Marketing that runs itself: win-backs, reviews, and loyalty
Ask any owner what they'd do with more time and "marketing" comes up fast. Not campaigns and ad budgets — the small, consistent follow-up that quietly keeps a chair full: checking in on a client you haven't seen in a while, asking a happy customer for a review, rewarding the regulars.
It's high-leverage and it's exactly the work that never makes it to the top of the list. So let it run on its own.
Win back the clients drifting away
The system notices when a regular has gone quiet — past their usual rhythm with no next visit booked — and reaches out with a warm, personal nudge at a sensible hour. A new customer gets a welcome; someone who started a booking but didn't finish gets a gentle reminder. (Where booking apps like Booksy sell marketing as add-ons, here it's just part of the front desk.) These run as sequences, stop the moment the person books, and honor anyone who's opted out.

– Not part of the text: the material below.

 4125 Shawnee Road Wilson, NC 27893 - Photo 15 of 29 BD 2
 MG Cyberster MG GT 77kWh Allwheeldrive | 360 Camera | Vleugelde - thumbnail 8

Turn happy visits into public reviews — carefully
After a completed visit, the customer gets a quick request to rate it. Happy responses are pointed to your public review page, where they grow your star rating and local search. An unhappy one is routed privately to you instead of pushed public — so you hear about a problem first and get the chance to fix it.

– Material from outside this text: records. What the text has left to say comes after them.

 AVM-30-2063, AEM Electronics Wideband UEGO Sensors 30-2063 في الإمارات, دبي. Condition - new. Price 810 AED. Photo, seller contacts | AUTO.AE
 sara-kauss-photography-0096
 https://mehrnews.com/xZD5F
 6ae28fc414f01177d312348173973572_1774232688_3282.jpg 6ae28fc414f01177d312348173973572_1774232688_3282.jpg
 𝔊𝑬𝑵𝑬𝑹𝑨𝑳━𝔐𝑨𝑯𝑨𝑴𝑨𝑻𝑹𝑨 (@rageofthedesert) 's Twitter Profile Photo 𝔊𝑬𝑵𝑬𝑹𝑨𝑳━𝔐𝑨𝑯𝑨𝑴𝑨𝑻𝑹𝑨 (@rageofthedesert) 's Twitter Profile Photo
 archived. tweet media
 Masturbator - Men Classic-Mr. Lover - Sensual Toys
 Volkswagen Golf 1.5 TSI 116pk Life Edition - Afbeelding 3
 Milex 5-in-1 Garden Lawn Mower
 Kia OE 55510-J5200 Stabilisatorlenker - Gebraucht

Give regulars a reason to come back
Points accrue automatically on visits and spend, and customers can check their balance just by asking. It's a loyalty program that doesn't need a punch card or a single thing for you to remember.
Tasteful, not spammy
The whole point is restraint. Messages are well-timed, quiet-hours-aware, honor consent, and never pile on. Done right, automated follow-up doesn't feel automated — it feels like a shop that pays attention.